## [RAW DATA]

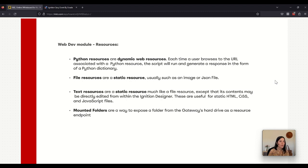With the file resource you cannot update the file directly in the designer. If you want to update the file you have to upload a new file again. And then we have the mounted folders which are a way to expose a folder from the gateway hard drive as a resource endpoint.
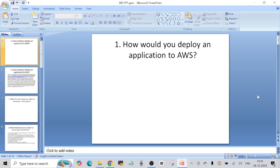Hello everyone, welcome to another video. In this video I want to talk about the questions that were asked from me by the interviewer. If you have watched my last video where I spoke about how I was able to switch as a Site Reliability Engineer with almost 50% salary hike, I've spoken about the things that I prepared in that video, so you can go ahead and watch it. In this video I want to talk about all the questions and answers that are relevant to SRE, and I'm going to give you the answers as well so that you can prepare the same way as I did.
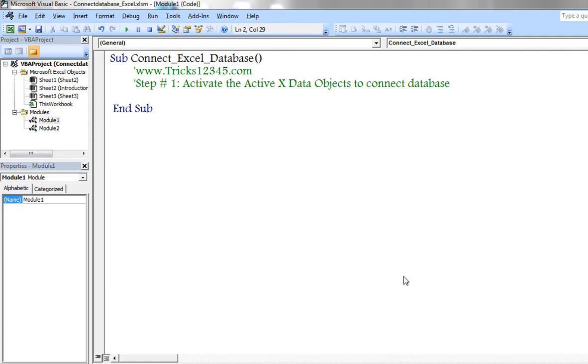Hello, welcome to this video. In this video, I would like to explain how to connect Excel as database.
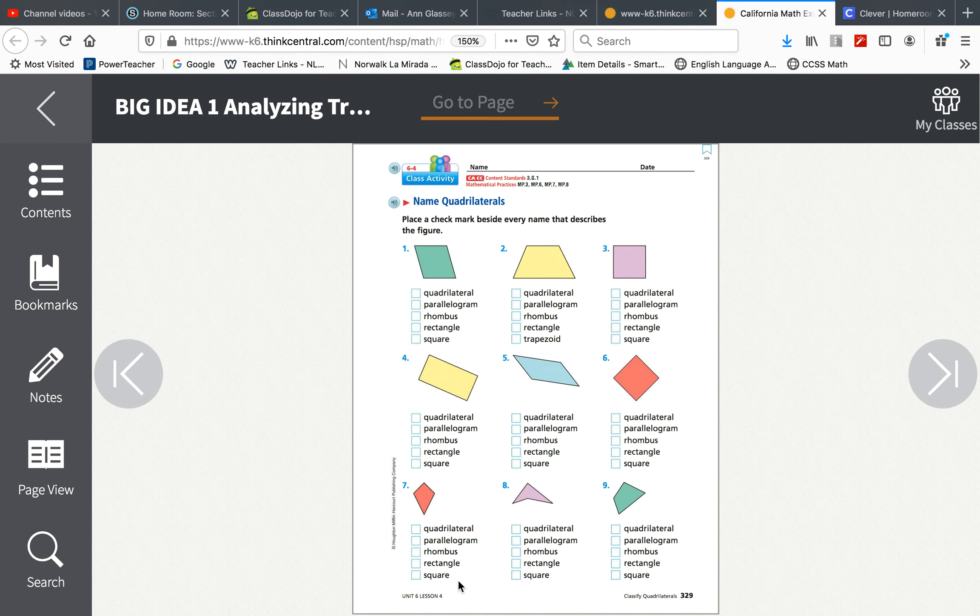This is your math lesson for May 13, 2020. You will need your math book, pencil, and eraser. Please turn to page 329.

## [TASK BRIEF]
Reprint the listing above exactly, without images.

## [WRITTEN REPLY]
With the file resource you cannot update the file directly in the designer. If you want to update the file you have to upload a new file again. And then we have the mounted folders which are a way to expose a folder from the gateway hard drive as a resource endpoint.
Hello everyone, welcome to another video. In this video I want to talk about the questions that were asked from me by the interviewer. If you have watched my last video where I spoke about how I was able to switch as a Site Reliability Engineer with almost 50% salary hike, I've spoken about the things that I prepared in that video, so you can go ahead and watch it. In this video I want to talk about all the questions and answers that are relevant to SRE, and I'm going to give you the answers as well so that you can prepare the same way as I did.
Hello, welcome to this video. In this video, I would like to explain how to connect Excel as database.
This is your math lesson for May 13, 2020. You will need your math book, pencil, and eraser. Please turn to page 329.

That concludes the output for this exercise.